Promoting anti-tumor immunity via the immunostimulatory cytokine LIGHT may highly benefit colon cancer patients whose tumor — having spread to the liver — now face palliative care as their only option.
In mice, increasing LIGHT expression in colon tumors or liver metastasis helped activate tumor-killing T-cells, triggering the regression of established tumors and slowing the growth of liver metastasis.
The study by researchers at the University of Illinois at Chicago (UIC), “LIGHT elevation enhances immune eradication of colon cancer metastases,” appeared in Cancer Research.
Colon cancer is the second leading cause of cancer-related deaths in the United States, in part because by the time most patients are diagnosed, the cancer as already spread to other areas of the body and is more difficult to eradicate. The most common site of metastasis in colon cancer patients is the liver.
“For most patients with colon cancer that has spread to the liver, current treatments are palliative and not curative,” Ajay Maker, MD, associate professor of surgery in the UIC College of Medicine and the study’s corresponding author, said in a press release. “And while studies have suggested that immunotherapy may be a promising approach for advanced cancers, the use of such treatments for advanced gastrointestinal metastases have not yet been very successful.”
Studies have shown that expression of the immunostimulatory protein LIGHT in the microenvironment of colon cancer liver metastasis is significantly associated with overall survival and recurrence-free survival.
This led Maker and his team to hypothesize that increased LIGHT expression in the tumor microenvironment could lead to T-cell infiltration into colorectal tumors and liver metastasis, which could result in immune-mediated tumor regression.
Maker and colleagues established colon cancer and liver metastasis in mice and found that indeed it was the case. Mice in which the expression of LIGHT was turned on in the tumor microenvironment had a rapid infiltration of T-cells, resulting in a sustained reduction of tumor size.

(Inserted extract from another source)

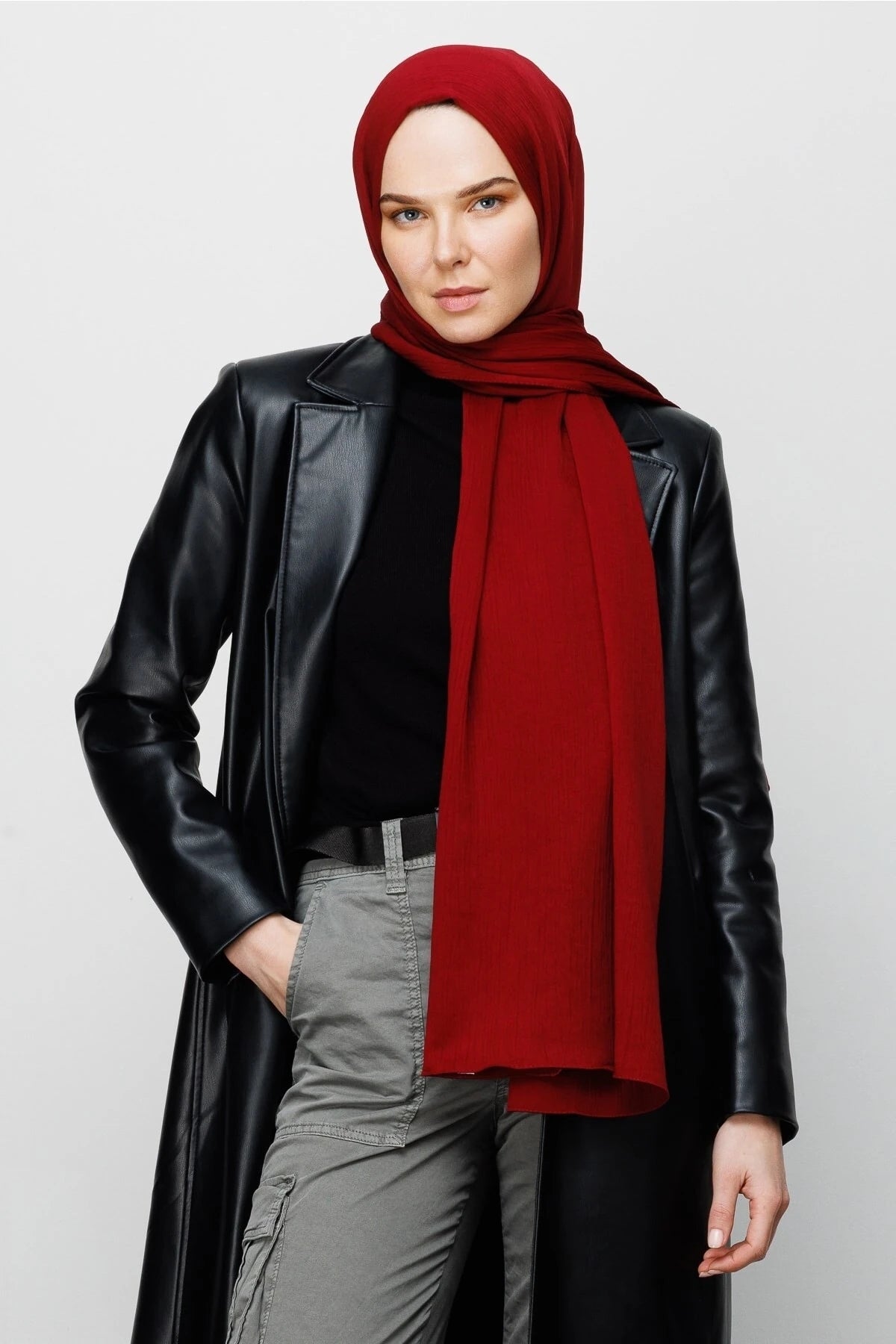 Crinkle Medina Silk Shawl - Burgundy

“We demonstrated that delivery of a therapeutic immune-stimulating cytokine caused T-cells to traffic to tumors and to become activated tumor-killing cells,” Maker said. “This activity is especially exciting because it resulted in a profound anti-tumor immune response without any other chemotherapy or intervention. The treatment manipulates our natural defenses to fight off the tumor in the same way it has been trained to attack other foreign invaders in our body.”
The findings have great clinical potential for a patients with very poor prognosis. Further studies looking at ways to increase the expression of LIGHT in the tumor microenvironment are now warranted.